Carl Storck
Our Own Hall of Fame


Our Own Hall of Fame

 

CARL STORCK

 

LEAGUE MANAGED PENSION

NFL Founded in 1919; Carl Storck Was There

 

THE DAYTON DAILY NEWS   FEBRUARY 27, 1961

BY MARY ELLEN LYNCH

Daily News Staff Writer

 

     Carl Storck loved football and football broke his heart.

     There was no National Football league when thickset Storck was plunging through the line for Stivers and racking up a reputation as one of the best fullbacks in the school’s history.  That was in 1913.  But six years later he was to help found the shaky professional league that grew into today’s giant.

     After high school, Storck played a little pro ball, then entered the YMCA athletic directors school in Chicago.

     HE WAS assistant physical education director at the Dayton “Y” in 1917 when General Motors tapped him to manage its recreation facility where Triangle park is located now.  It was the beginning of an association with GM that was to see Storck rise to a series of high management posts.

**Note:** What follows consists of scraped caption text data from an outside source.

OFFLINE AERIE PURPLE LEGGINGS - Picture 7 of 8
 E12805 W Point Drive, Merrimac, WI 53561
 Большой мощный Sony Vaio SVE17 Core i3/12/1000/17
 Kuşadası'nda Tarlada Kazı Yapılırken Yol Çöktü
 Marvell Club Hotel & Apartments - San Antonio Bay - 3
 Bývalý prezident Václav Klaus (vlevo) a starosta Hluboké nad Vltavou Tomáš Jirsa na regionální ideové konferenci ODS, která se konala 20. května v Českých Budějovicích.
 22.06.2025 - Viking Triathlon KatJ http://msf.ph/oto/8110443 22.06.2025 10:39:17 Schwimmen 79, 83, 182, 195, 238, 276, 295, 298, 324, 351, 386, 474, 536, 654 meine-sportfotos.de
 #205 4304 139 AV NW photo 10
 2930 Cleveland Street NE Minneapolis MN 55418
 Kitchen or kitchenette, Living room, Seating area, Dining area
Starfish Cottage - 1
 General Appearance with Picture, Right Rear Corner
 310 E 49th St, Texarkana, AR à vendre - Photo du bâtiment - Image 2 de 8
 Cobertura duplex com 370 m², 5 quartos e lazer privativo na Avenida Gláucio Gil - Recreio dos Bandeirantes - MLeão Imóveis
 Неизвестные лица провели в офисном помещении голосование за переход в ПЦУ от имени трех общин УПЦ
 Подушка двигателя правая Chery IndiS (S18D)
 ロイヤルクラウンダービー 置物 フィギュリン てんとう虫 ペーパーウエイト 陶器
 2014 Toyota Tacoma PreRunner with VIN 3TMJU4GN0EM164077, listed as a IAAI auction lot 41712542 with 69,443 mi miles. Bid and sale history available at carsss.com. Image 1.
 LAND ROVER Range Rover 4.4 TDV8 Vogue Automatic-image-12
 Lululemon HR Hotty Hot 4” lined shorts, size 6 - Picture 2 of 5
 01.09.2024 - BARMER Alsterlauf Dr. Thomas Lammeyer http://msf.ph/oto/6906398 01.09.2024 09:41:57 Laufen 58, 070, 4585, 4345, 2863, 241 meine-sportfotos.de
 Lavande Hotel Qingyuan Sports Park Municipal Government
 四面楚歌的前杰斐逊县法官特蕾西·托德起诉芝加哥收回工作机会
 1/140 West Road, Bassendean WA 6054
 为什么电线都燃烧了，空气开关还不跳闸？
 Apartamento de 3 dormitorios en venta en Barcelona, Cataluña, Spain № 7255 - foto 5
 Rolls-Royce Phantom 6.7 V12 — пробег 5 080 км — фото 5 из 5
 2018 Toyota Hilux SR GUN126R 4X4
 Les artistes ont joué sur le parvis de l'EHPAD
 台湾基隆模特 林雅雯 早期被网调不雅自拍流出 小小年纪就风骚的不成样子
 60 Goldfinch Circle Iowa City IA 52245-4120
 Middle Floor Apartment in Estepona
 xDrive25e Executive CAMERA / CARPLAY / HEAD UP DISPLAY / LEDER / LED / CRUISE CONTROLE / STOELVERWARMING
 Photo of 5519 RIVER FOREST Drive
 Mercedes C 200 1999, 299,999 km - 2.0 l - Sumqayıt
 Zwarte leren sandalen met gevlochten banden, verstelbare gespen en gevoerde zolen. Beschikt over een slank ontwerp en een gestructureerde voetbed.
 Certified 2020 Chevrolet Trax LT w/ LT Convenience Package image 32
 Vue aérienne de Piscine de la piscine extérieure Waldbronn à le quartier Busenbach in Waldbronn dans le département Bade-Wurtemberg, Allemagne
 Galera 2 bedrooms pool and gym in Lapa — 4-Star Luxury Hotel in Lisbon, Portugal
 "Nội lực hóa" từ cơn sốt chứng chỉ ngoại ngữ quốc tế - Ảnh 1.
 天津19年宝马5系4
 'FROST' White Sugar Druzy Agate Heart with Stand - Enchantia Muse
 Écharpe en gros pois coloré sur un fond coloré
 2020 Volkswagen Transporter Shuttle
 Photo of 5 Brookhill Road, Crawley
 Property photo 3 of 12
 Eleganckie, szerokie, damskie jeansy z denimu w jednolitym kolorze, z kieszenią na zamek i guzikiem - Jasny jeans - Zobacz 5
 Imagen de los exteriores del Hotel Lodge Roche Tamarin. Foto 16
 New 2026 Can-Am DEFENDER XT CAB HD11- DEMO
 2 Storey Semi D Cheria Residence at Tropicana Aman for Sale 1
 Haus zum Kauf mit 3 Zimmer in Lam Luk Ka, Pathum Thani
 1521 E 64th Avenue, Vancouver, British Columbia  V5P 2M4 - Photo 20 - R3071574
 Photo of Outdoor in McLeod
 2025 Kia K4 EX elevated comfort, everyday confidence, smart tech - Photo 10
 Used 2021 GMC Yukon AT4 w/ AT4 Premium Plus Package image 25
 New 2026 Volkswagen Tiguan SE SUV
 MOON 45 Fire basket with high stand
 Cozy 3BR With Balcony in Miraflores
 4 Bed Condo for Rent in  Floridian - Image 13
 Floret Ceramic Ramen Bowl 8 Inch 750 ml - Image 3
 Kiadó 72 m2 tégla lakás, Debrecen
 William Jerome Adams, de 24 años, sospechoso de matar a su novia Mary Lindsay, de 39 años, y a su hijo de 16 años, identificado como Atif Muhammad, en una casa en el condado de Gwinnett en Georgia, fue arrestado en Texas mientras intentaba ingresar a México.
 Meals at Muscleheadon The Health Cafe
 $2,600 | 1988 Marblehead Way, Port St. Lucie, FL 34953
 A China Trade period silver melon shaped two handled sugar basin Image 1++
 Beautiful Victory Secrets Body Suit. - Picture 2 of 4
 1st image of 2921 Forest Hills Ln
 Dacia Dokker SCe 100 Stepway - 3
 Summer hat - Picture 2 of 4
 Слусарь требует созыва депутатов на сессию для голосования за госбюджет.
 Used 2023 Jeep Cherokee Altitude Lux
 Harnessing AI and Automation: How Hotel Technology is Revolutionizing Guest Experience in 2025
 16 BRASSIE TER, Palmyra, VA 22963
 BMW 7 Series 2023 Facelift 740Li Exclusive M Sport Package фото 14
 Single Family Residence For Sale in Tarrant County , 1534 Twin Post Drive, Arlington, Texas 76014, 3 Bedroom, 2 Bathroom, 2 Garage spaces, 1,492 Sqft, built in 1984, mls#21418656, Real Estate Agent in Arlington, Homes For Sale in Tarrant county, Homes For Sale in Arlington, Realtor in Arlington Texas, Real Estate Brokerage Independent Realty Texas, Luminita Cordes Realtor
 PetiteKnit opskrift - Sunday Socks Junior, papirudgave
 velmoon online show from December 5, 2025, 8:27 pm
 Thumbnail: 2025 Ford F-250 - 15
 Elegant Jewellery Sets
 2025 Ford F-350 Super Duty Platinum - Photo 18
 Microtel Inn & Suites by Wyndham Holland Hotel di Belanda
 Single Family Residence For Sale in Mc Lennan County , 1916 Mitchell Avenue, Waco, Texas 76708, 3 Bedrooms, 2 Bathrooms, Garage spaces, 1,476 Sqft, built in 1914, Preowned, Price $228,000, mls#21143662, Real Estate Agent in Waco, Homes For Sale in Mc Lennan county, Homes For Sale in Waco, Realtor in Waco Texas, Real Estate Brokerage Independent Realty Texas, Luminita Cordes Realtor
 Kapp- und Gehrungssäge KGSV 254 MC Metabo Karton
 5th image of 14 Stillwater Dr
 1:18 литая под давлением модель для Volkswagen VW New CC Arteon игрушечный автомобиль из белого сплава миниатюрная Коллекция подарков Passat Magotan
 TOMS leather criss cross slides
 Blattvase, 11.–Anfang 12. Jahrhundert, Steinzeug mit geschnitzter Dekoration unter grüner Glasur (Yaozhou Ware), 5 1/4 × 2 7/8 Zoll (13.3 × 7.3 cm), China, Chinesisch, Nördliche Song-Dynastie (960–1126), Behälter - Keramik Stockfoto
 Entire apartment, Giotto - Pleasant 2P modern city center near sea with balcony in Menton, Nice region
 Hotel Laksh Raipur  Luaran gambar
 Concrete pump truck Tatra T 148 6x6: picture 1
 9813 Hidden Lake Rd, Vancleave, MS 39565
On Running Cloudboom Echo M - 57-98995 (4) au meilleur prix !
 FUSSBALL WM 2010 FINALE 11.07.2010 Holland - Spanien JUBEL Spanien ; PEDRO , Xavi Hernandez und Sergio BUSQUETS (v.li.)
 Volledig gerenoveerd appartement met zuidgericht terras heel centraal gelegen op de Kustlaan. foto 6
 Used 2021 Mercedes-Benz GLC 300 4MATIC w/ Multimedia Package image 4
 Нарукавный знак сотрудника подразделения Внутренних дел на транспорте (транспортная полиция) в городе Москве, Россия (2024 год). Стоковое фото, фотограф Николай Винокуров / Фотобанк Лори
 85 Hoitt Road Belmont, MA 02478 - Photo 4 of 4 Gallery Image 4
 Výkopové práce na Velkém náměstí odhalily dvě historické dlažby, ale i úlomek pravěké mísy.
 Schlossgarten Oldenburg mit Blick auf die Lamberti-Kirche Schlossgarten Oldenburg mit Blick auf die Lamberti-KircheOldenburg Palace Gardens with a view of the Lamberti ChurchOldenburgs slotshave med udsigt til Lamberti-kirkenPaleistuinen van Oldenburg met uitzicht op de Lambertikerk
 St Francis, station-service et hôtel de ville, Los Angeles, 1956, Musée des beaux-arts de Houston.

     BUT HE HADN’T forgotten football.  While Storck was rising in GM, he helped organize and became president of the Dayton Triangles, one of the nation’s outstanding early professional football teams.

     When the National league was created in 1919, the Triangles were in it, Storck was one of its hard-working spearheads and its first treasurer.

     The league then was a far cry from the league now.  Big towns were represented, but so were many small ones.  Fans were a sometimes thing.

     THE PLAYERS in places like Pottsville, Pa., and Rock Island, Ill., didn’t always get paid in those early years.  But Storck saw to it that the Dayton Triangles did.  (The franchise was sold to Brooklyn in 1929).

     Roly poly and affable, Storck was an early president of the Agonis club, Dayton’s fun-loving sports organization.  He loved candy, was never without a bag of chocolates, doted on the New York baseball Giants, uncomplainingly bore the life-long nickname of “Scummy.”

     HIS FORTUNES in business and sports soared.  In 1932 Storck was named personnel manager of GM’s Buick division and president of his beloved National Football league.

     But within two years disagreements with the league’s powerful George Preston Marshall (still owner of the Washington Redskins) led to Storcks ouster.  He was

through in professional football, the thing he loved most, and his life was never quite the same after that.

     STORCK RETURNED to Dayton as assistant to the works manager at Delco, but eight years later—sick and bitter—he retired.  He was 49 years old.

     Carl Storck was to live eight more years.  They were years far removed from executive suites and the excitement and clamor of football stadiums.

     HIS HEALTH continued to decline and, in 1945, he entered the rest home he never left.  Financial woes added to his physical ones.  Finally, Storck was broke.

     At that time the National league had no regular pension fund, and only a special pension voted hastily by club members kept the league’s former president from spending his last days in the Montgomery county home.

    When Storck died in 1950 it was hard for his friends to believe that he was only 57.  He seemed much older.